L’union sacrèe contro Renzi? Non c’è, perché sta nascendo (finalmente) il Pd, riflette il deputato renziano Angelo Rughetti.

Rughetti, in una conversazione con Formiche.net, chiarisce perché il clima nel Pd stia progressivamente mutando, proprio grazie al tipo di comunicazione che il sindaco di Firenze impronta alla chiarezza e alla trasparenza di idee e progetti. Come dimostra il “no, grazie” al metodo D’Alema.

Scongiurata definitivamente l‘union sacrèe contro Renzi?
Ero stato un po’ il primo a lanciare questo timore, ma mi sembra che la riunione di ieri abbia fugato ogni dubbio. Penso soprattutto al chiarimento di Franceschini, alla partecipazione ampia di tutti, non tanto puntata a individuare un candidato contro Matteo quanto a trovare una strada per avviare il congresso che non sia un corpo a corpo.

E’ cambiato il clima nel Pd?
Non vedo più la situazione di prima. Posso essere sincero? Avevo più paura quando tutto ciò si muoveva sotto la sabbia, piuttosto che adesso. Poi è chiaro che la posizione politica delle varie componenti dovrà cercare la via per ricomporsi in vista di un congresso: dove Renzi non sarà un nemico ma uno dei candidati.

Goffredo Bettini e Gianni Pittella contro il raduno antirenziano: la saggezza che mancava al partito?
La leggo, molto semplicemente, come la nascita vera del Partito democratico. É stato il primo momento nel quale si è deciso di non confrontarsi più su quello che si era, ma su ciò che vogliamo. Basta ex diesse, ex popolari, o correntone: siamo un partito nuovo, che non è un amalgama mal riuscito di un qualcosa che è vecchio, ma un contenitore con la presunzione di dire cose nuove.

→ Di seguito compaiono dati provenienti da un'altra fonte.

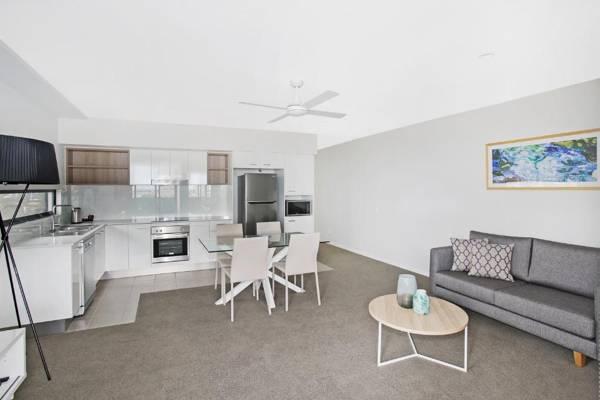 Direct Hotels - Sea Breeze Mooloolaba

Menichini su Europa lo definisce “un gioco già visto”: come mai il Pd fatica ed evolversi?
Innanzitutto questo sarà il primo congresso in cui a candidarsi non sarà un vecchio dirigente dei Ds, dei popolari o della Margherita. E’ un elemento troppo poco sottolineato da tutti i commentatori. Inoltre non mi sembra che il Pd abbia meno degli altri, in quanto i nostri competitors sono soggetti politici unipersonali. Nel senso che, tranne quello di Vendola, si riconoscono attorno a un leader. In questo, certo che siamo unici: ma è un’unicità positiva.

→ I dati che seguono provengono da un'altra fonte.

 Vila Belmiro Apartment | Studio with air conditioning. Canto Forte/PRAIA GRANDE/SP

Sopita la voglia fra i renziani di trasmigrare altrove?
Inizia a montare quell’entusiasmo di poter pensare che questo partito, fra qualche mese, potrà vedere un candidato vicino a noi che ne potrà prendere le redini.

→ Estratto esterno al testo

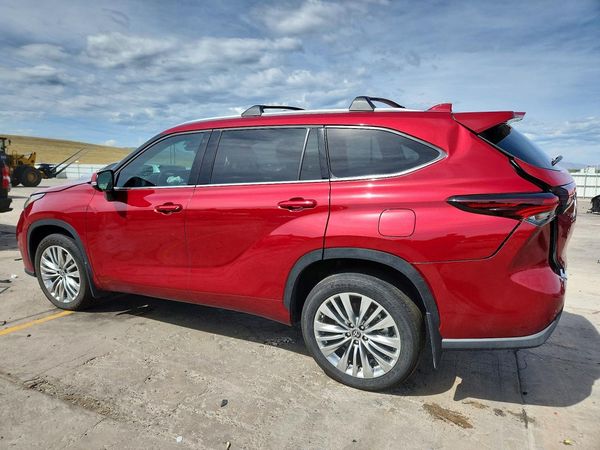 2024 TOYOTA HIGHLANDER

Lo scambio di battute con D’Alema è un ulteriore paletto piantato da Renzi nel campo democratico?
Matteo ha una leadership forte, questo mi sembra ormai assodato. Credo che D’Alema pensasse, sbagliando, che tessendo la sua solita tela potesse ingabbiare anche Renzi in un suo schema. Quello stesso che, ancora fino a qualche giorno fa, i suoi emissari continuavano a proporre a Renzi: ovvero “lascia perdere la segreteria, perché tu sei il nostro candidato premier”.

Un tranello?
Un’ipotesi alla quale sono sempre stato contrario, sia nella sostanza che nel metodo, perché penso che sia necessario riformare le istituzioni partendo dai partiti. Che rappresentano il primo luogo dove fare selezione di classe politica. Lavorare in quella direzione, significa poi lavorare bene per le istituzioni e per la società. Se riuscissimo a realizzare una seria selezione nei partiti, in seguito saremmo certamente più efficaci nell’individuare la classe dirigente da impiegare. Però il nodo è il metodo.

Ovvero?
Che Renzi arrivasse a fare il segretario del Pd o il candidato premier tramite un accordo verticistico con D’Alema, lo considero sbagliato per definizione. In quanto è l’esatto opposto di ciò che noi abbiamo sempre perseguito.